Who Needs a Sit/Stand Workstation and How to Set It Up
Over the past few years, a greater focus has been placed on employee health and wellness as it relates to the issue of sitting versus standing at a computer workstation. The number of sit/stand workstations is on the rise, causing employees to ask the question, “Is a sit/stand workstation right for me?” Working in the same location for hours can affect concentration and muscles, which can in turn affect work productivity. CNA offers this guidance on how to maximize comfort while working at a computer workstation and reduce pain and injuries.
Living More Sedentary Lives
Sedentary behavior is a significant health risk and a major contributor to obesity, type 2 diabetes, cancer, and cardiovascular disease. Sedentary jobs have risen 83 percent since 1960 and now account for 43 percent of all U.S. jobs. One study found that an extra hour of sedentary time per day was associated with a 22 percent increase in type 2 diabetes and a 39-percent increase in the odds of developing metabolic syndrome.
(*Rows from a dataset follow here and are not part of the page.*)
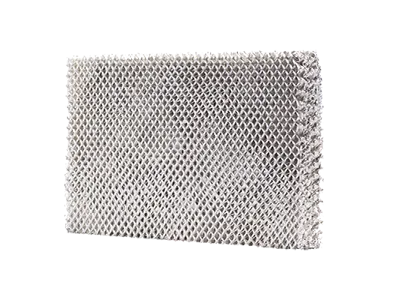APRILAIRE Aprilaire 12 Humidifier Replacement Water Panels 448 440 445 445A 224 112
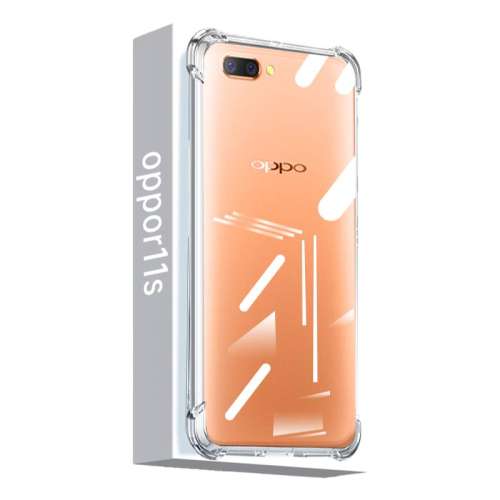 OPPO R11 Plus ͸ǡʮ׷ˤحưح oppor11plus+ֻҷˤ16.8Ԫ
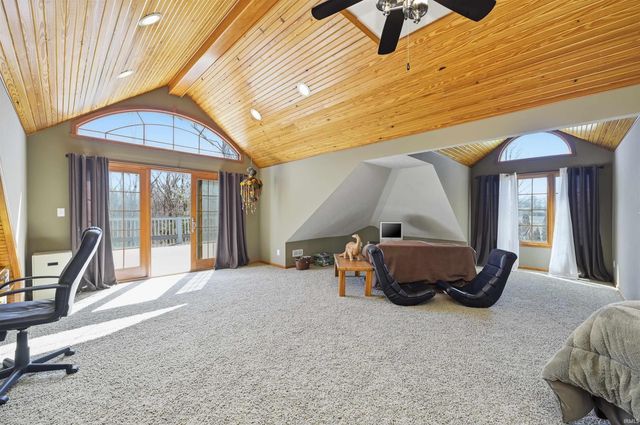 7891 W Whiteland Road, Bargersville, IN 46106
Another estimated that prolonged sitting is responsible for 430,000 deaths across 54 countries and that sedentary behavior is the number-two risk factor for mortality, second only to smoking.
Sitting at a typical office workstation can increase disc pressure in the low back, placing the body into a static posture and thus increasing the risk of heart and kidney disease. With this in mind, more organizations are taking proactive steps to identify and address sitting during the workday.
On the other hand, prolonged standing work is associated with its own health problems. Standing puts greater strain on the circulatory system and on the legs and feet, and the performance of many motor skills is reduced. Prolonged standing is associated with the development of varicose veins. In addition to health risks, workers may see a decrease in dexterity when working while standing.
What Are the Advantages of Standing?
- An increase in metabolic activity (20-percent increase in calories burned)
- Reduced strain on the lower back
- Increased muscle activity
- Fewer complaints of discomfort
- Improved mental clarity
Is There a Solution?
The combination of sitting and standing through the workday seems to offer the best solution to this issue. The human body responds best to a balance of both dynamic and static activity, and a sit/stand workstation could meet these needs.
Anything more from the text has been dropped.